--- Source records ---
★ ★ ★ ★ ★ ★ ★

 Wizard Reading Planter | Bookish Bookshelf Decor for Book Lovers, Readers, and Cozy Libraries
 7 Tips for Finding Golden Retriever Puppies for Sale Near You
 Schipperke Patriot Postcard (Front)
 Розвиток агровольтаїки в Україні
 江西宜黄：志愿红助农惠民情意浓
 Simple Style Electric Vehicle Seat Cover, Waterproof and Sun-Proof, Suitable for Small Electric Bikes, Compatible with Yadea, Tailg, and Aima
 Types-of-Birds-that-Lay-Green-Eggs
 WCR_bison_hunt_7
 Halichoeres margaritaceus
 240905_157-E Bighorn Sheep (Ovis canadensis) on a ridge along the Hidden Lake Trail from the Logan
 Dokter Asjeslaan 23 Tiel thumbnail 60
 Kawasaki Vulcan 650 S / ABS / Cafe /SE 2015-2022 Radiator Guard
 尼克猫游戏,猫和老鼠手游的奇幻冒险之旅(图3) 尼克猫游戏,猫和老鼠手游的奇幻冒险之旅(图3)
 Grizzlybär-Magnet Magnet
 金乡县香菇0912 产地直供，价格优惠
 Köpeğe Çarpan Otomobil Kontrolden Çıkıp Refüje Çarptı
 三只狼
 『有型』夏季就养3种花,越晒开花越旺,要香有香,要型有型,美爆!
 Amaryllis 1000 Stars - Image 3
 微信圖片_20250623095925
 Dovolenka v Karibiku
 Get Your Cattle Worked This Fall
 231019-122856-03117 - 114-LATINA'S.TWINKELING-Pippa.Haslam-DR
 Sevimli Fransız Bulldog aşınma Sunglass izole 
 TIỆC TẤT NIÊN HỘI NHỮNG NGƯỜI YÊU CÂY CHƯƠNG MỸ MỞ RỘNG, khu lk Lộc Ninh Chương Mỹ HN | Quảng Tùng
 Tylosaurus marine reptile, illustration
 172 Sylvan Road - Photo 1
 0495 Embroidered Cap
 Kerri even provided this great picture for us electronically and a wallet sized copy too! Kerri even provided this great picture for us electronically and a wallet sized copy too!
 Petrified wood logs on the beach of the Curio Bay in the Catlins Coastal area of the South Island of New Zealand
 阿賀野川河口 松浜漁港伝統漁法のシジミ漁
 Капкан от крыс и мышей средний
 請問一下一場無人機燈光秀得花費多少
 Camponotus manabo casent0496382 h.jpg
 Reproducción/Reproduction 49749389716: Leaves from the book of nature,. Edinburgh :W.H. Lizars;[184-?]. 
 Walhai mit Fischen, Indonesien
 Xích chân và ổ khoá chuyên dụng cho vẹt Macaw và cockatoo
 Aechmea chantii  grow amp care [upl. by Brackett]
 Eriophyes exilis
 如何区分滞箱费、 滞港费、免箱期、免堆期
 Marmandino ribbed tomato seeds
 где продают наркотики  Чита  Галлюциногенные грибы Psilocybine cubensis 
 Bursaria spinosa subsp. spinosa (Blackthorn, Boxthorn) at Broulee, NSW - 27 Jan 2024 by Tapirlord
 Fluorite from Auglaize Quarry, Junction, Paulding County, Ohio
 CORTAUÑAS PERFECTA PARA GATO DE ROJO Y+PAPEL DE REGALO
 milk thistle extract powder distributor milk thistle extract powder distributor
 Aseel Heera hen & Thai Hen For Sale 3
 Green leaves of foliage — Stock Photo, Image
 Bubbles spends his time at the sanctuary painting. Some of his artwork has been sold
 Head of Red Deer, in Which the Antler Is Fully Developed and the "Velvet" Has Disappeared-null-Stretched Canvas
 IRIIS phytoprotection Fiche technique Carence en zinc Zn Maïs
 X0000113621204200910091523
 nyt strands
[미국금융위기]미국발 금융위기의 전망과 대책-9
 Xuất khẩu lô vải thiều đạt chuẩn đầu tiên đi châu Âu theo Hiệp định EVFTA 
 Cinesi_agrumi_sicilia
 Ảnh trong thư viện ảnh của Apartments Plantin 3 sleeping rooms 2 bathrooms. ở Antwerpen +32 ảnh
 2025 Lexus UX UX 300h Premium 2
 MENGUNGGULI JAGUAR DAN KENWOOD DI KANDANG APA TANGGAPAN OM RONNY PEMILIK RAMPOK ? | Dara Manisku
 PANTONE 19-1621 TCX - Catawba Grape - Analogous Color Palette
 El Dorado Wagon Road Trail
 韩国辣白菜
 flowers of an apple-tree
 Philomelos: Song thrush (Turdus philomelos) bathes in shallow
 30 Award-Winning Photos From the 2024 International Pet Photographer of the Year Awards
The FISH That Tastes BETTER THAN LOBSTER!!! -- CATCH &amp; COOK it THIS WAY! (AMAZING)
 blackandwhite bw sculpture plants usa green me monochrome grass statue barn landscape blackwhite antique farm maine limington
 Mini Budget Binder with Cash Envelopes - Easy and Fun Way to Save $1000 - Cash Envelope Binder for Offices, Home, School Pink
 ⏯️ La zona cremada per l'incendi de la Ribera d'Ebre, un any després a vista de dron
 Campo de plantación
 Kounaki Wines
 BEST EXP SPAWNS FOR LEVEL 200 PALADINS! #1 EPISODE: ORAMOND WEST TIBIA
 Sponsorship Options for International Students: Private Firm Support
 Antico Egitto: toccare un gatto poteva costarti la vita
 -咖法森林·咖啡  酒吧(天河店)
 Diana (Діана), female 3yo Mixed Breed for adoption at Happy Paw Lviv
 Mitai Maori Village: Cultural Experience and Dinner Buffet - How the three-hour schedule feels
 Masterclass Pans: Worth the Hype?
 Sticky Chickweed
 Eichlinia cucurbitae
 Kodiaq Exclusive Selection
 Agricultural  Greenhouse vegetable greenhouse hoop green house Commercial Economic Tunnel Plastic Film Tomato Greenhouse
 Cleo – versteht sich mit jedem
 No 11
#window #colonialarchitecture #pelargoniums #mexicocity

★ ★ ★ ★ ★ ★ ★

--- Task description ---
Output nothing but the line containing "Antico Egitto: toccare" and each line after it in the entries above, exactly as written.

--- Result for this task ---
 Antico Egitto: toccare un gatto poteva costarti la vita
 -咖法森林·咖啡  酒吧(天河店)
 Diana (Діана), female 3yo Mixed Breed for adoption at Happy Paw Lviv
 Mitai Maori Village: Cultural Experience and Dinner Buffet - How the three-hour schedule feels
 Masterclass Pans: Worth the Hype?
 Sticky Chickweed
 Eichlinia cucurbitae
 Kodiaq Exclusive Selection
 Agricultural  Greenhouse vegetable greenhouse hoop green house Commercial Economic Tunnel Plastic Film Tomato Greenhouse
 Cleo – versteht sich mit jedem
 No 11
#window #colonialarchitecture #pelargoniums #mexicocity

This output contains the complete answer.